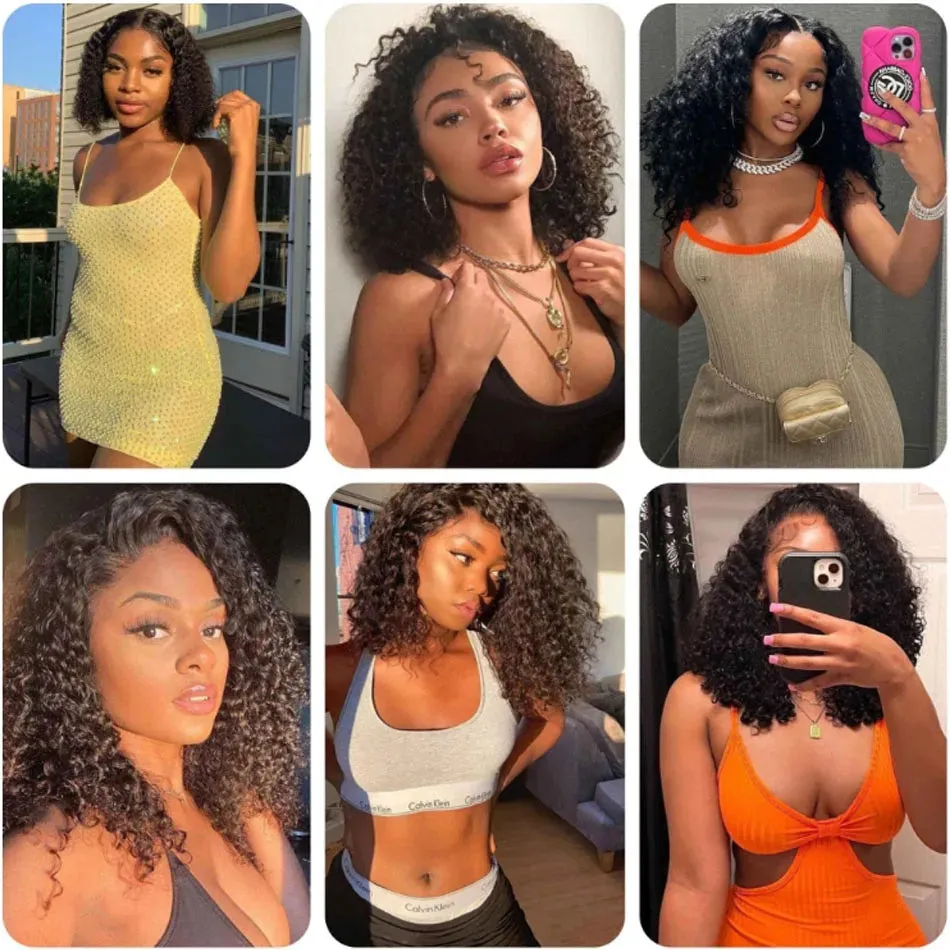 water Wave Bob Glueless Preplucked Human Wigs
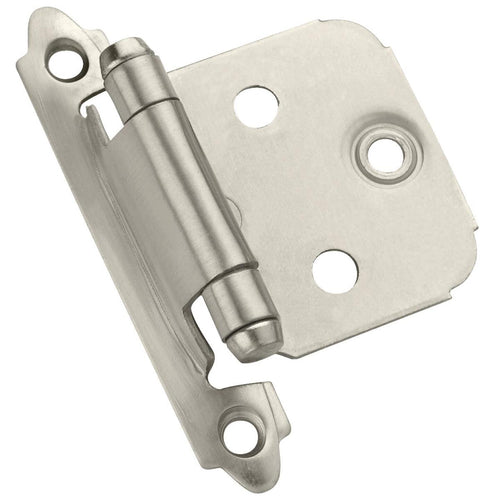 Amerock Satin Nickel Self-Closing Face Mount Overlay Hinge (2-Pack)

--

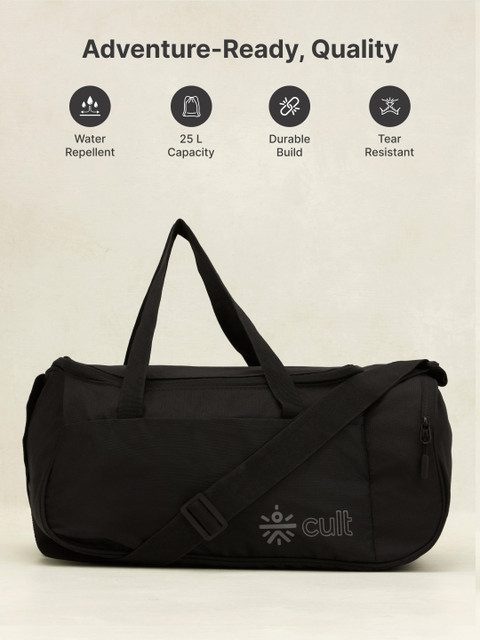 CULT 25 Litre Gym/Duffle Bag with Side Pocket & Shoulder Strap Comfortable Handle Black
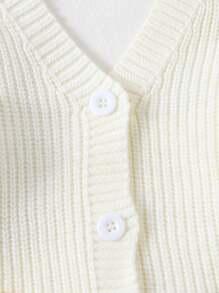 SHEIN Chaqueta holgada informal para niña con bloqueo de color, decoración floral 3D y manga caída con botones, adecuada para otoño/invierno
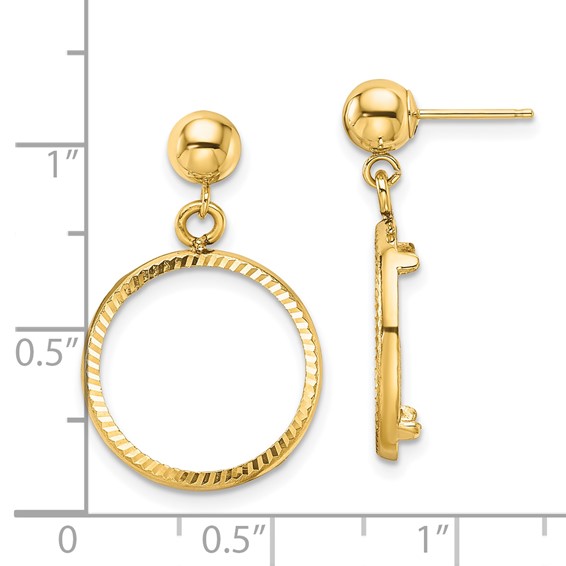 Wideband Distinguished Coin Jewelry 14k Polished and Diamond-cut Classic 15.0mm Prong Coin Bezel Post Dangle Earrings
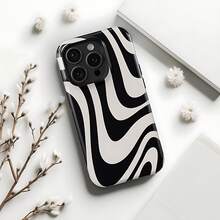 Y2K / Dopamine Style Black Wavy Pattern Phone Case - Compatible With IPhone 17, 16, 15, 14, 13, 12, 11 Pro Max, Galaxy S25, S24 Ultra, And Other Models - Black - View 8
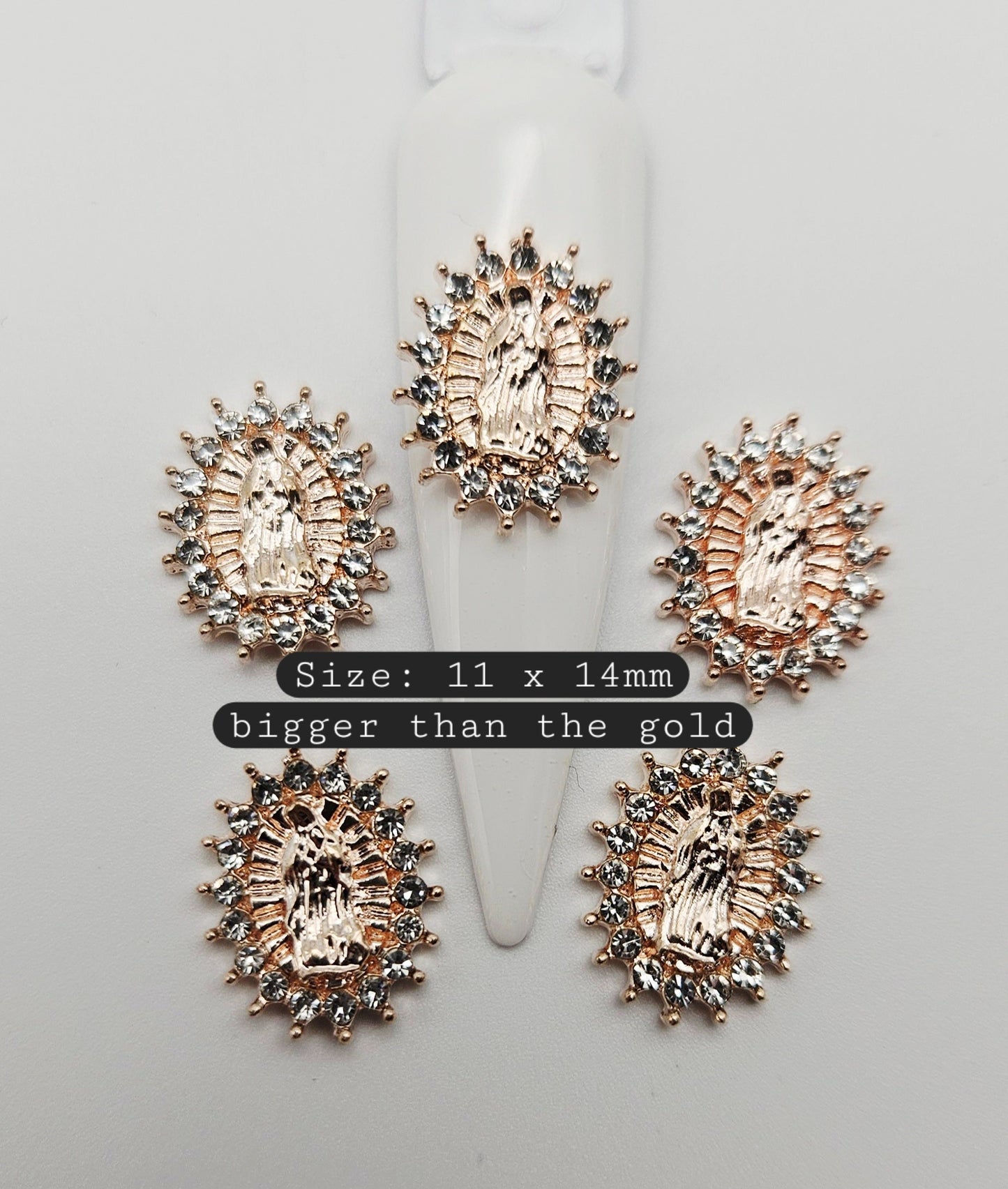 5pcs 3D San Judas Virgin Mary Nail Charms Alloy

• What to produce:
Nothing but the lines from the one containing "water Wave Bob" through the one containing "Amerock Satin Nickel" should appear, copied exactly from the material above and without pictures.

• Written answer:
 water Wave Bob Glueless Preplucked Human Wigs
 Amerock Satin Nickel Self-Closing Face Mount Overlay Hinge (2-Pack)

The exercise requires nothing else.